Some of my favorite examples come from our own customers, whom I've witnessed launch and roll our DevSecOps initiatives over the last few years.
A financial services company that had 800 open source components under management in their manual approval process, which took three weeks, adopted our Sonatype Repository Firewall solution to automate that process.
They deleted all the components in their Sonatype Nexus Repository and started rerunning their build with Sonatype Repository Firewall turned on, and 30 days later discovered:
They actually had 19,000 open source components flowing into those builds, 850 of which were automatically quarantined in an approval process that now took less than 3 seconds, saving them 54,000 man hours along the way.

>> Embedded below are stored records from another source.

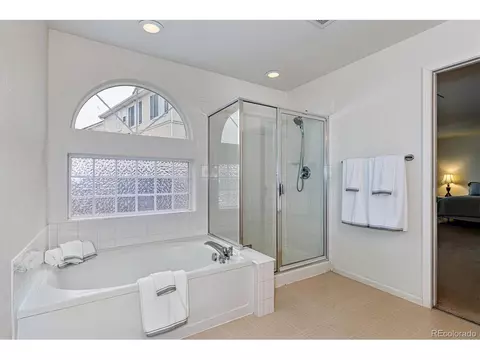 16880 E Caley Cir, Aurora, CO 80016 photo 30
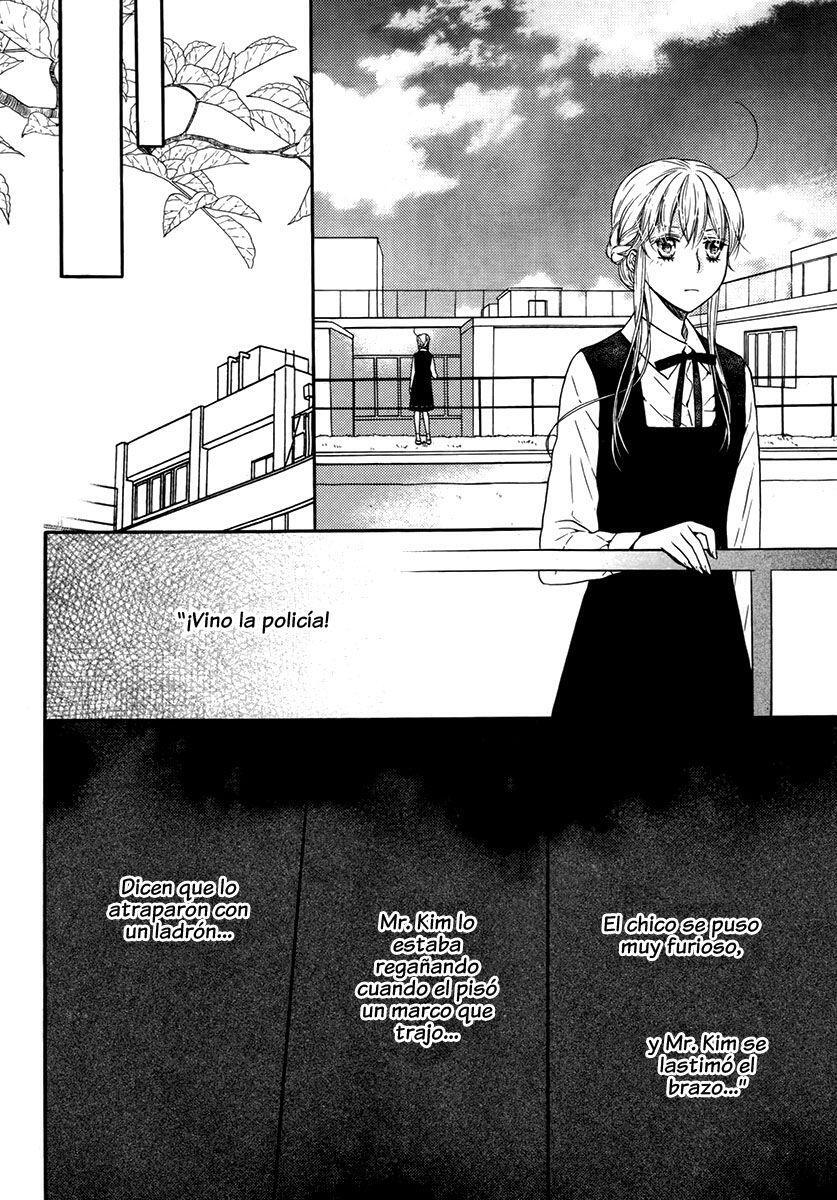 Capitulo 16 page 52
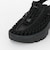 【WEB限定】＜KEEN＞ユニーク ピーエルティー シューズ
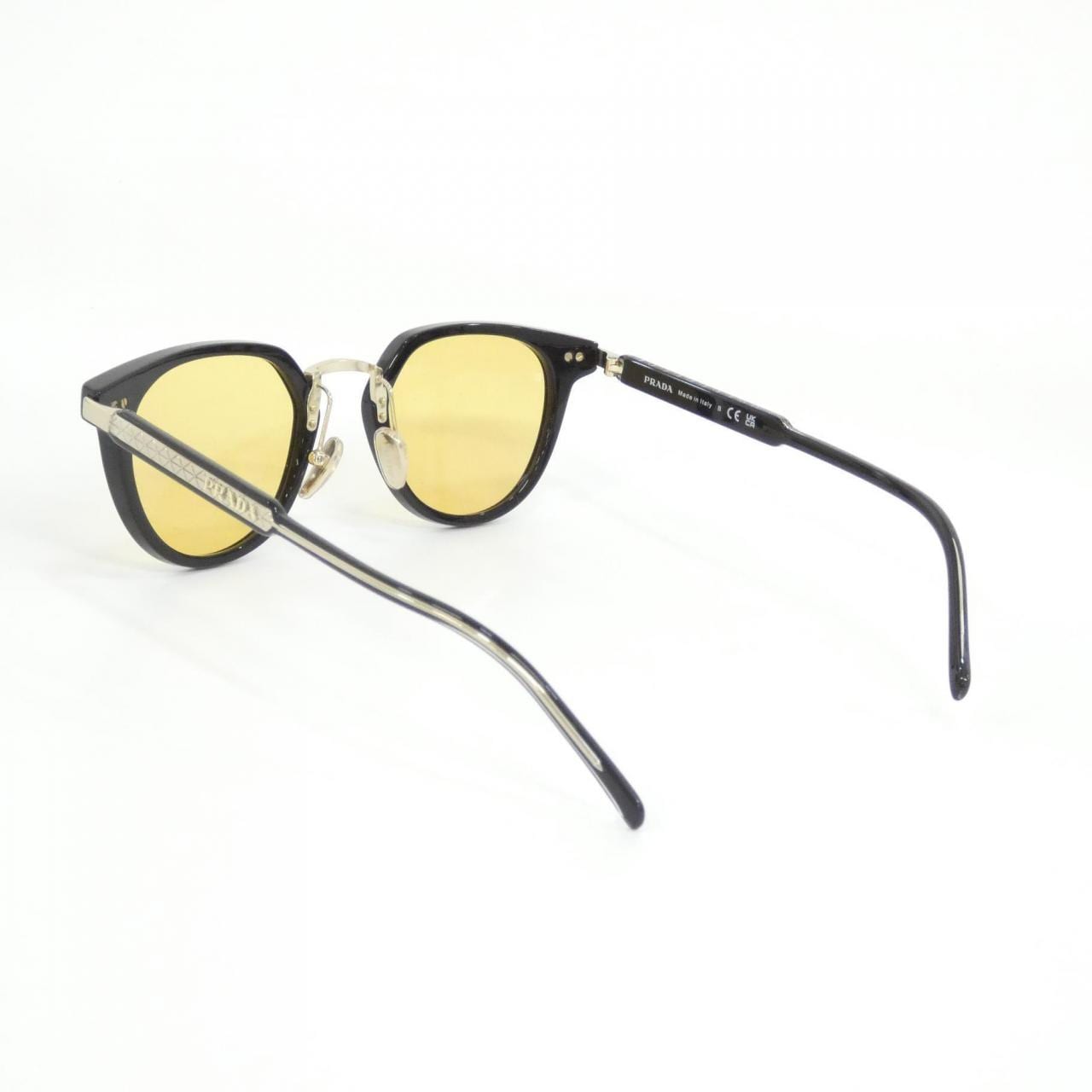 プラダ SPR17Y サングラス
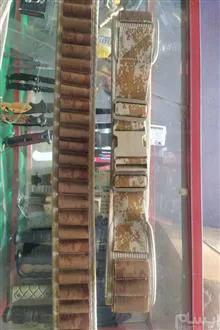 قطار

More broadly, their DevSecOps initiative saw software quality go up over 40%, while developer productivity rises by ~30% due to early feedback shifting that feedback to the left.
There is so much focus on shifting left and empowering developers, that it is easy to overlook the impact Operations and Security teams are enjoying all the way to the right, in Production. Putting a high quality, secure application in production is a great start, but what happens when a zero-day vulnerability is announced? The last couple of years have seen several nasty vulnerabilities announced that have led directly to well known data breaches.
When I talk to our customers about how our solutions help in their Priority Incident Response Teams (PSIRT), the answers all tend to be the same:
We were able to immediately answer the first question we're faced with, are we impacted? If so, which apps and what data is at risk. Before we could track and trace open source components like this, we would have relied on end-point server scanning, which can take weeks to finish this discovery.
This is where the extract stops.